Filotas sacudió la cabeza desairado.

—Dejémoslo correr y vayámonos. Aquí no hay nada que nos interese.

Salieron y poco después el galope de sus caballos se perdió a lo lejos, perseguido por el ladrar de los perros. Cuando estuvieron a tres estadios de distancia, Filotas tiró de las riendas de su caballo de batalla.

—¡Maldición! Apuesto algo a que en estos momentos habrá salido de algún agujero escondido bajo tierra y estará hablando con su mujer. ¡Bonita mujer... bonita mujer, por Zeus!

—No comprendo por qué no nos la hemos... —se puso a decir uno de sus hombres, un tracio de Salmideso.

—Porque ése no es pan para tus dientes, y si Alejandro se enterase te cortaría las pelotas y se las daría a comer a su perro. Desfógate con las putas del campamento, si no sabes dónde meterla. Y ahora vamos, pues llevamos dando vueltas demasiado tiempo.
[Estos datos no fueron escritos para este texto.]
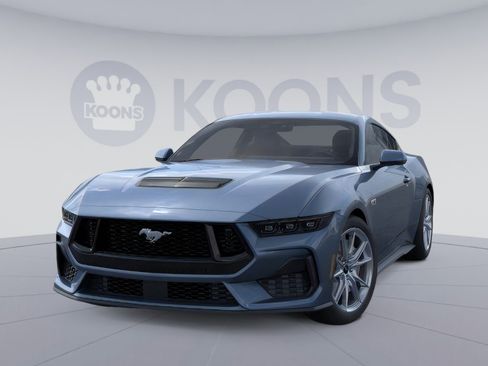 New 2026 Ford Mustang GT Premium image 2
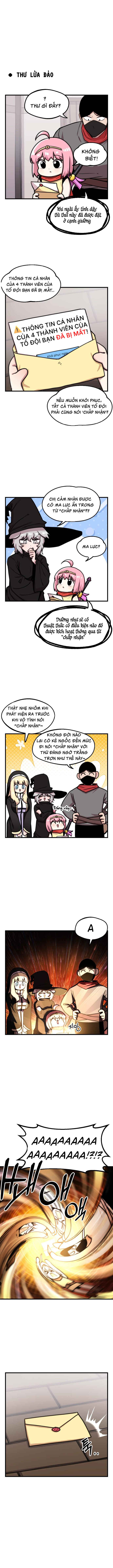 Yongsa Party Manhwa Chapter 63 - Page 2
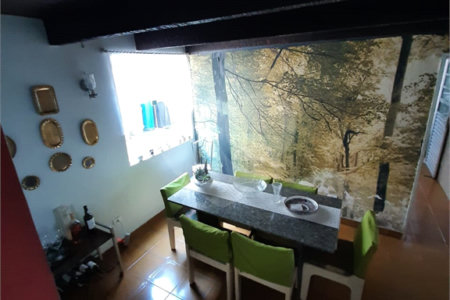 Sobrado à venda com 3 quartos, sendo 1 suíte, em Bosque da Saúde, São Paulo, SP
Del otro lado del valle, en aquellos mismos momentos, Memnón era transportado hacia otro refugio en unas parihuelas atadas a las albardas de dos asnos, el uno delante y el otro detrás, conducidos por el ronzal.

Antes de cruzar el paso de montaña en dirección al valle de Esepo y de la ciudad de Azira, pidió al arriero que parara y se volvió para observar las luces de su casa. Sentía aún sobre él el perfume del último abrazo de Barsine.